Logo

2. Hukuk Dairesi2023/2351 E. 2024/2588 K.

Yapay Zeka Özeti

Uyuşmazlık: Boşanma davası sonrasında edinilmiş mallara katılma rejiminin tasfiyesinde davacı kadının değer artış payı alacağına hak kazanıp kazanmadığı.
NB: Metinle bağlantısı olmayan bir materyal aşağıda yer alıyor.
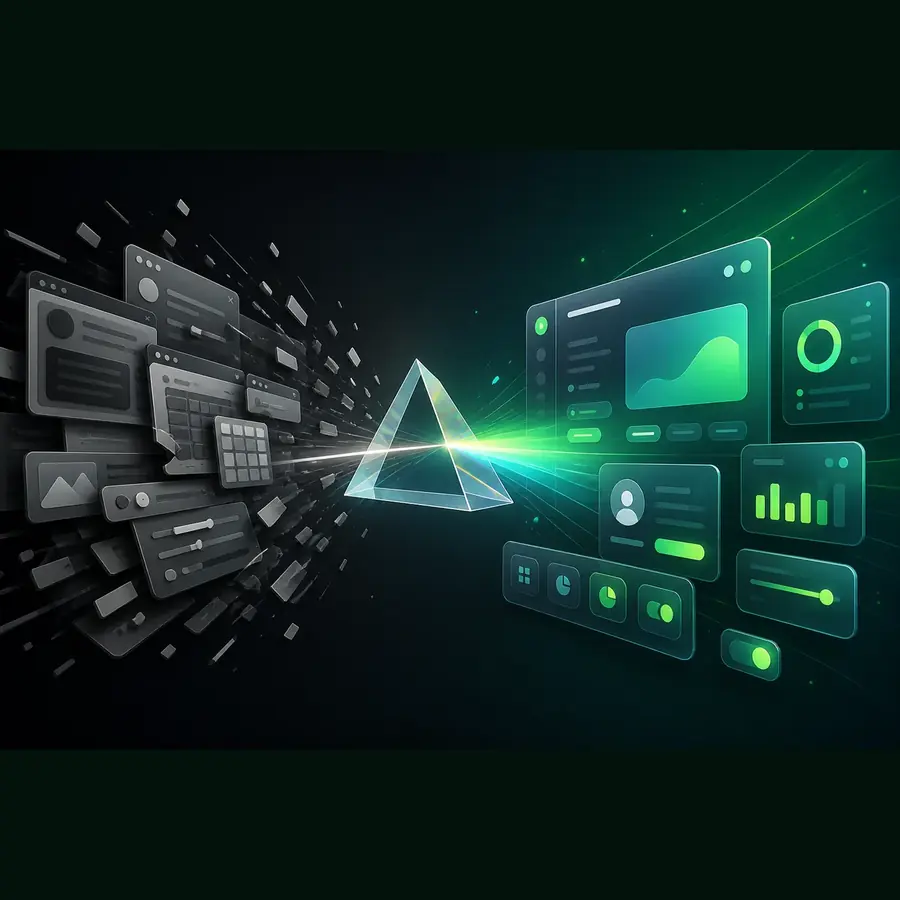 User Interface Redesign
Gerekçe ve Sonuç: Davacı kadının, evlilik birliği içerisinde çalışmış olsa da 4721 sayılı Türk Medeni Kanunu'nun 219. maddesi gereğince çalışmanın gelirlerinin edinilmiş mal sayılması ve davacı tarafından taşınmazların edinilmesine kişisel malvarlığından bir katkı yapıldığının kanıtlanamaması gözetilerek, değer artış payı alacağı talebinin reddine dair Bölge Adliye Mahkemesi kararının onanmasına karar verilmiştir.

Karar Metni

"İçtihat Metni"

MAHKEMESİ : Ankara Bölge Adliye Mahkemesi 12. Hukuk Dairesi

SAYISI : 2019/1908 E., 2022/1123 K.

KARAR : İstinaf başvurusunun esastan reddi

İLK DERECE MAHKEMESİ : Ankara Batı 1. Aile Mahkemesi

SAYISI : 2015/1096 E., 2019/521 K.

Taraflar arasındaki mal rejiminin tasfiyesinden kaynaklanan alacak davasından dolayı yapılan yargılama sonunda İlk Derece Mahkemesince davanın kısmen kabulüne karar verilmiştir.
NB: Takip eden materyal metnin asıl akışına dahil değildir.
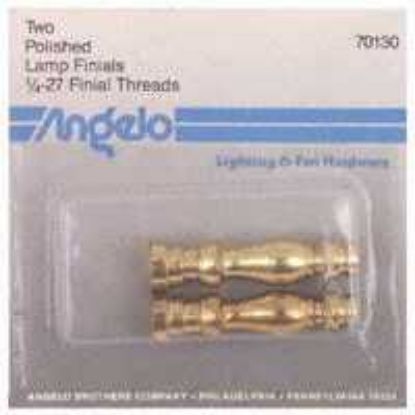 Picture of 713 Polished DR Brass Lamp-Finial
Kararın taraf vekillerince istinaf edilmesi üzerine, Bölge Adliye Mahkemesince taraf vekillerinin istinaf başvurularının ayrı ayrı esastan reddine karar verilmiştir.
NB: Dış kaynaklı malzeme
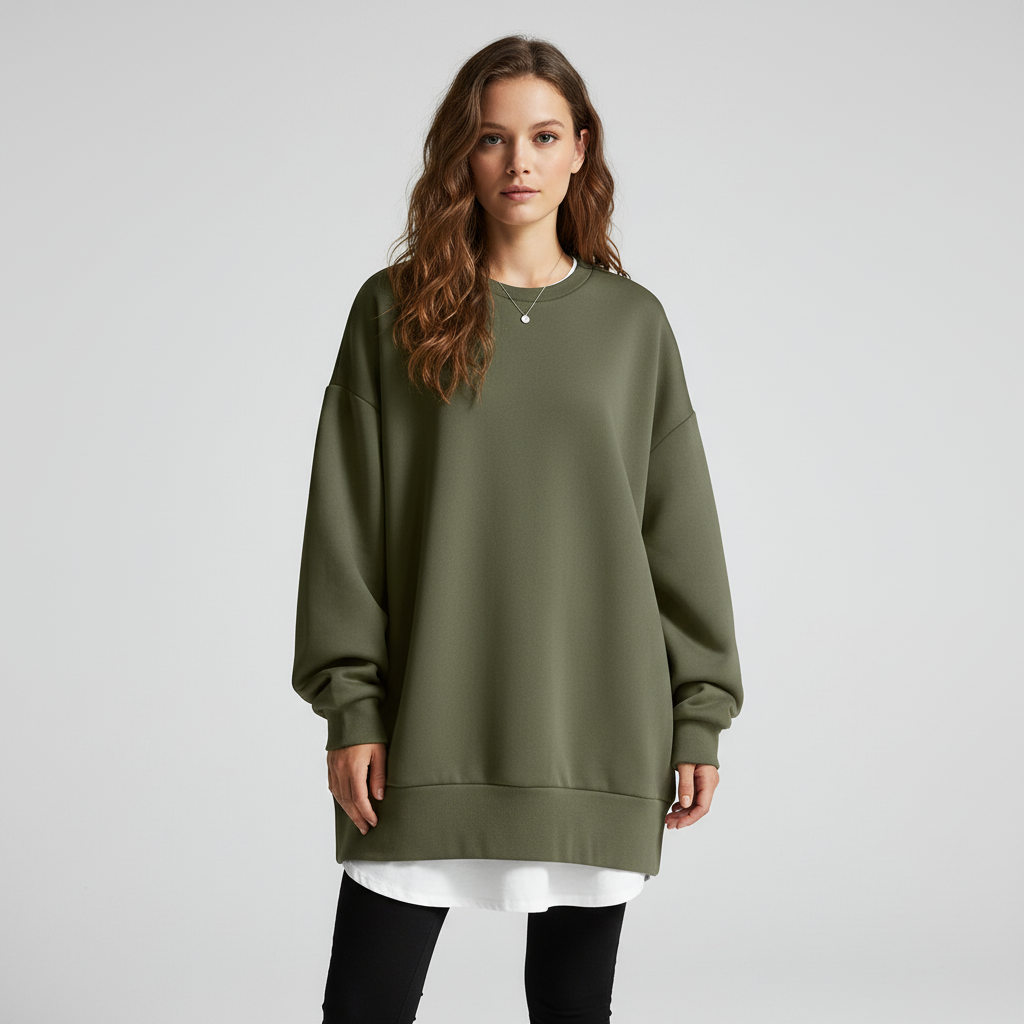 Oversized Damestrui - Mia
Bölge Adliye Mahkemesi kararı davacı vekili tarafından temyiz edilmekle; kesinlik, süre, temyiz şartı ve diğer usul eksiklikleri yönünden yapılan ön inceleme sonucunda, temyiz dilekçesinin kabulüne karar verildikten ve Tetkik Hâkimi tarafından hazırlanan rapor dinlendikten sonra dosyadaki belgeler incelenip gereği düşünüldü:

I. DAVA

Davacı vekili dava ve cevaba cevap dilekçelerinde özetle; tarafların 1995 yılında evlendiğini ve taraflar arasındaki geçimsizlik sebebiyle 17.11.2015 tarihli kararla boşandıklarını, davacı kadının, evlilik birliği içerisinde davalı erkeğin borçlarını ödeyebilmek amacıyla sürekli olarak çalıştığını, ortak konutun geçimine katkıda bulunduğunu, dava konusu malların evlilik birliği içerisinde alındığını, davalı erkek tarafından POL-SAN'dan kredi kullanıldığını, davacı kadının mal rejiminden kaynaklanan alacak haklarının olduğunu, cevap dilekçesinde dayanılan vakıaların gerçeği yansıtmadığını, iddia ederek davanın kabulü ile fazlaya ilişkin hakları saklı kalmak kaydıyla şimdilik 10.000,00 TL katılma alacağı ve değer artış payı alacağının davalı erkekten alınarak davacı kadına verilmesini talep ve dava etmiştir. Davacı vekili ıslah dilekçesinde özetle; davanın, fazlaya ilişkin haklar saklı tutulmak kaydıyla şimdilik 10.000,00 TL üzerinden açıldığını, toplanan deliller neticesinde, katılma alacağı yönünden 174.860,32 TL, değer artış payı alacağı yönünden ise 69.166,66 TL olarak yasal faizi ile birlikte davanın kabulüne karar verilmesini talep etmiştir.

II. CEVAP

Davalı cevap dilekçesinde özetle; davanın haksız ve hukuki dayanaktan yoksun olduğunu, dava konusu malların alımında davacı kadının maddî olarak herhangi bir katkısının olmadığını, bu malların edinilmesinde kredi kullanıldığını ve borçlarının bir kısmının kredi kartı ile ödendiğini, davacı kadının alacak hakkının bulunmadığını iddia ederek davanın reddine karar verilmesini talep etmiştir.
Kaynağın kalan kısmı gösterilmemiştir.